We thank the reviewer for providing us thoughtful comments. As the reviewer pointed out, we understand that we should carefully interpret the mechanisms for the shift of CD4+ T cell responses by CCR4 deficiency.
(5) Regarding migration studies in the revised manuscript. I fully understand that Treg transference assays are challenging. The results do not suggest that CCR4 was critical for Treg migration to lymphoid tissues in the conditions assayed. Concerning migration to the aorta, I found the results inconclusive since the authors mention that: i) there was a dramatic difference in the absolute numbers of Kaede-expressing Tregs that migrated to the aorta impairing statistical analysis; ii) the number of Kaede-expressing Tregs that migrated to the aorta was extremely low; iii) dead cells and doublets were not removed in the flow cytometry analysis. In this context, I do not agree with the following statements and recommend revising them:
- "CCR4 deficiency in Tregs impaired their migration to the atherosclerotic aorta" (lines 36-7),
- "…we found a significant reduction in the proportion of CCR4 deficient Kaede-expressing Tregs in the aorta of recipient Apoe-/- mice" (lines 356-7),
- "CCR4 expression on Tregs regulates the development of early atherosclerosis by....... mediating Treg migration to the atherosclerotic aorta" (lines 409-411),
- "…we found that CCR4 expression on Tregs is critical for regulating atherosclerosis by mediating their migration to the atherosclerotic aorta" (lines 437-438),
- "CCR4 protects against early atherosclerosis by mediating Treg migration to the aorta.... (lines 464-465),
- "We showed that CCR4 expression on Tregs is critical for ...... mediating Treg migration to the atherosclerotic aorta" (503-505).
We understand the importance of the reviewer’s suggestion. We described this issue as the limitation of this study. In accordance with the reviewer’s suggestion, we modified the above descriptions and toned down our claim that CCR4 expression on Tregs plays a critical role in mediating Treg migration to the atherosclerotic aorta under hypercholesterolemia.
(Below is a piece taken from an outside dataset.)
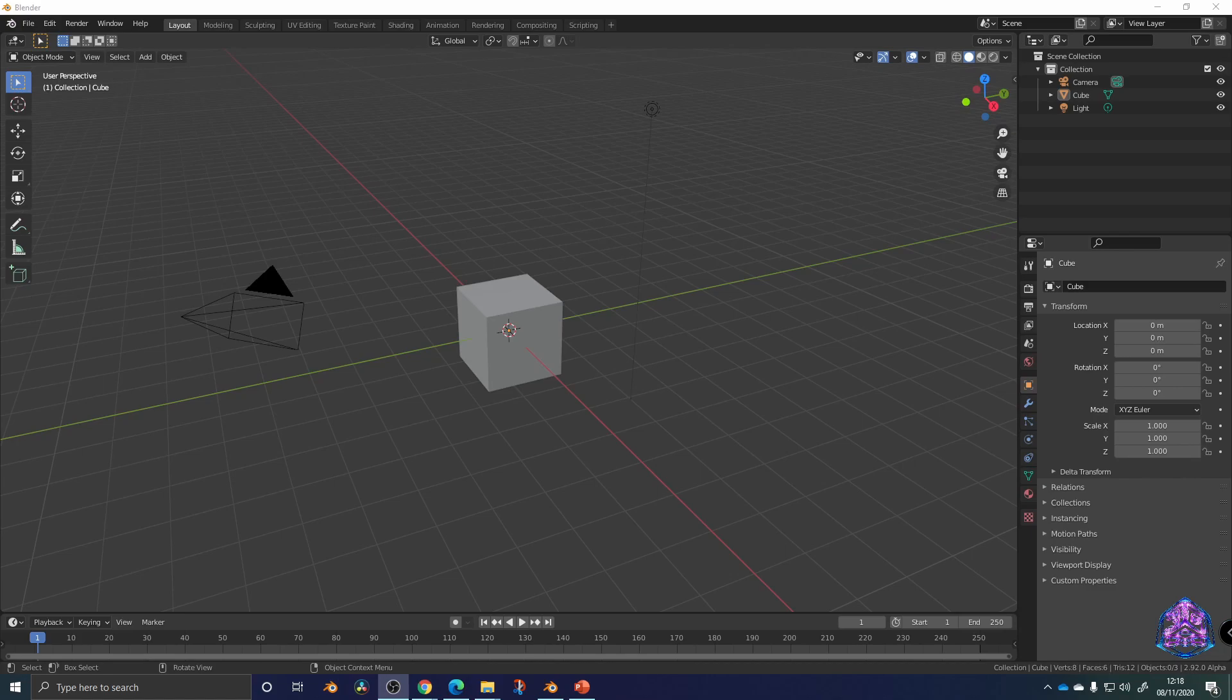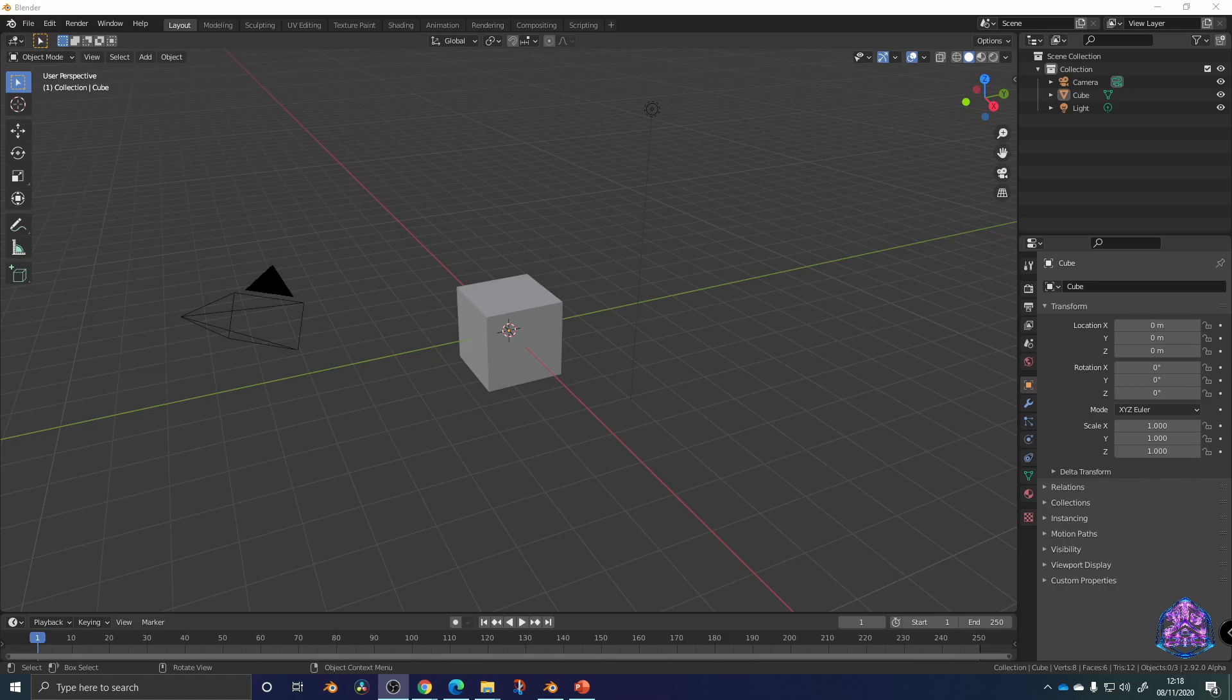This is the Blender beginner modeling course. For this course, we're going to take you through the interface of Blender. We're using Blender 2.92 in alpha currently, and what I want to do is look at the general interface of a 3D package, look at the geometry—what do we mean by geometry?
(6) Line 206: Mention the increased expression of CD86 by DCs
We mentioned this result in the revised manuscript. We also added a discussion on the upregulated CD86 expression on DCs in Ccr4-/-Apoe-/- mice in the discussion section in the revised manuscript.
(7) Lines 304-305. According to Fig 4F-H, a selective accumulation of Th1 cells seems to have occurred only in the aorta, coinciding with a higher Th1/Treg ratio. No selective accumulation of Th1 cells was observed in para-aortic lymph nodes. These results could be clarified.
We modified the above description in the revised manuscript.